Airshow Pilot is, more or less, exactly what it says on the tin. All about flying aerobatic (or non-aerobatic, if you want a real challenge) aircraft through a variety of different and challenging maneuvers. If you’ve never tried aerobatics before, not to worry, the program comes complete with an entire range of figures to learn as you go.
Airshow Pilot is all about accurate, precision flying at air shows, whether you’re in an aerobatic Extra, a passenger airliner or a Hawk fast jet trainer – or any aircraft that you have installed in FSX!
The software itself works with FSX, unobtrusively loading additional information into the base software when you click to load your flight up or, if you’ve loaded Airshow Pilot up first, the software automatically loads FSX when you click to start a flight. Once you have your flight loaded into FSX and you’re on the ground, Airshow Pilot provides messages at the top of the screen to let you know where you need to place your aircraft to start the routine and continues to provide instructions to start the figures as you fly.
Once completed, it’ll be time to return to the ground. Once you’ve landed, FSX has to be closed so that the software can take the ‘in flight data’ and calculate the results. This is one of the few things that I don’t like about the program as it results in gaps in between each practice/competition attempt. When you’re flying a single maneuver in training, it can become a bit slow going.
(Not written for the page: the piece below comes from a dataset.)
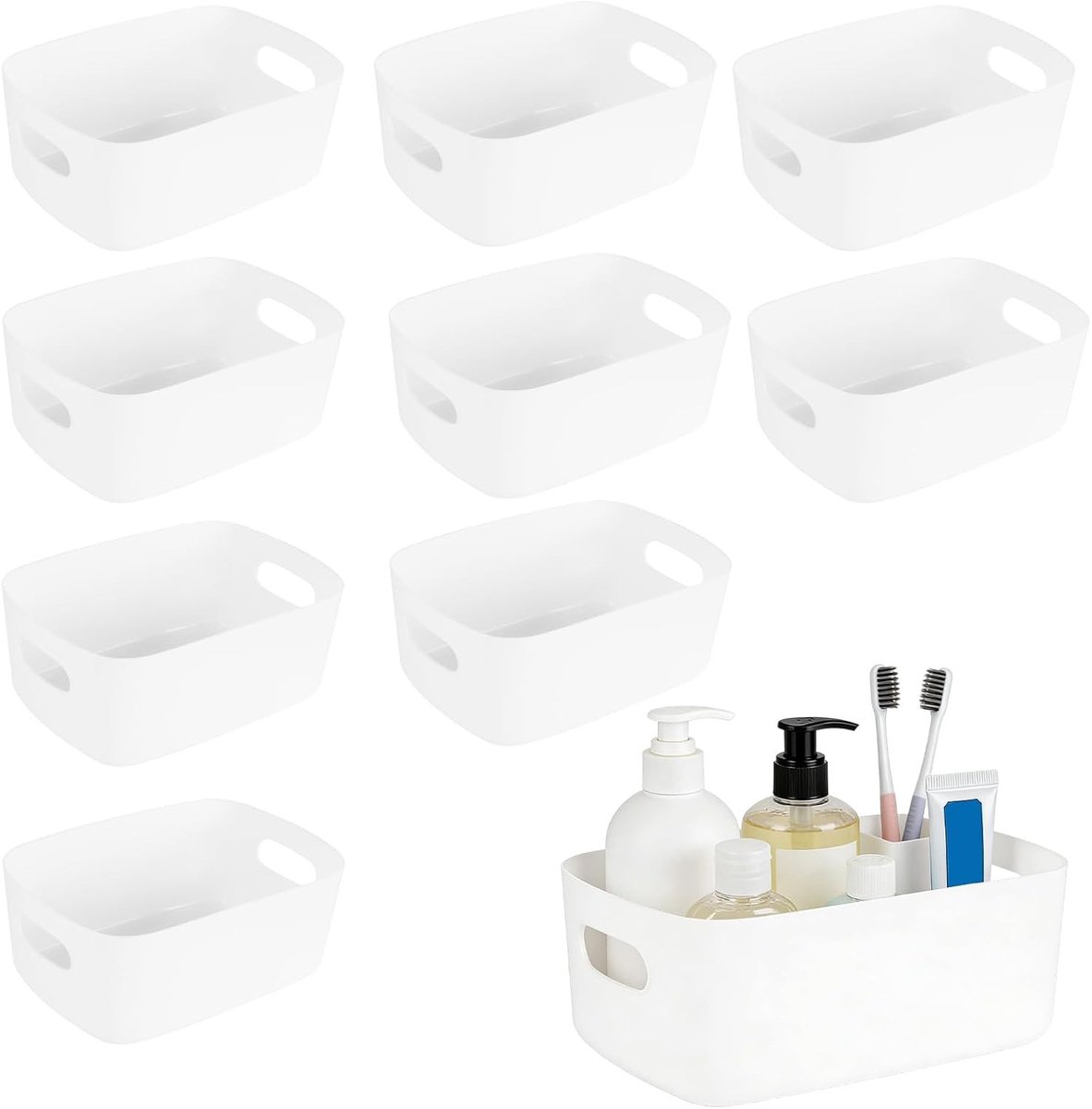 Set van 10 Opbergdozen - Witte Plastic Opbergmanden met Handvatten, Stapelbare Organizers voor Keuken, Badkamer en Kantoor, 24.5 x 18 x 10 cm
Additionally, in training and practice, the moves required are marked in the sky with small paper aeroplanes, placed in between ‘gates’, giving you a visual impression of what’s needed. Also, in regards to training, every different aerobatic maneuver can practiced individually, helping to hone those skills to perfection. Alternatively, you can choose the next event in the calender and practice the associated string of moves in one programme.
Maneuvers are grouped into difficulty two difficulty levels, ‘Sportman’ and ‘Advanced’, enabling you to choose how challenging you want things to be. There’s also a ‘Display Flight’ category, comprising of just two fly-past figures. These two figures can be flown in absolutely any aircraft you like, the bigger the better, so if you’ve ever wanted to ‘buzz’ the tower and crowds watching the performance, now is your chance.
So far, looks like fun right?
Well, that’s not all of it. The software also comes complete with a set of editors, so you can create your own, completely custom, airshows that fly out of your favorite airport/airfield. I’m sorry to say that I’ve not found the time to really play much with that side of the software yet, but I may well revisit this post with an update when I get around to it.
That said, from what I have seen of the editing side it looks reasonably straight forwards, although I had one or two false starts. What I’ll say at this stage is that if you’re pretty much a beginner with how FSX works, it may be best to leave this for the time being and come back to it later.
One of the things I was looking forwards to trying out was the online competition part of the software. Unfortunately, it seems that the online servers are no longer maintained as I’ve been entirely unable to get a connection, receiving a 404 (not found) response when I try.
- Great fun
- Good aerobatic figures selection
- Enjoyable Competition Calender
- Online competitions are no longer available
- FSX has to be closed after every Airshow Pilot flight
- Associated editor programs aren’t very intuitive
Is it worth the $18 or so? Oh yes, definitely. If you enjoy the idea of aerobatci flying and want to have a go at learning the various figures, stringing them together in order to make a routine and, perhaps, even creating your own competitions, then this is definitely worth the low price.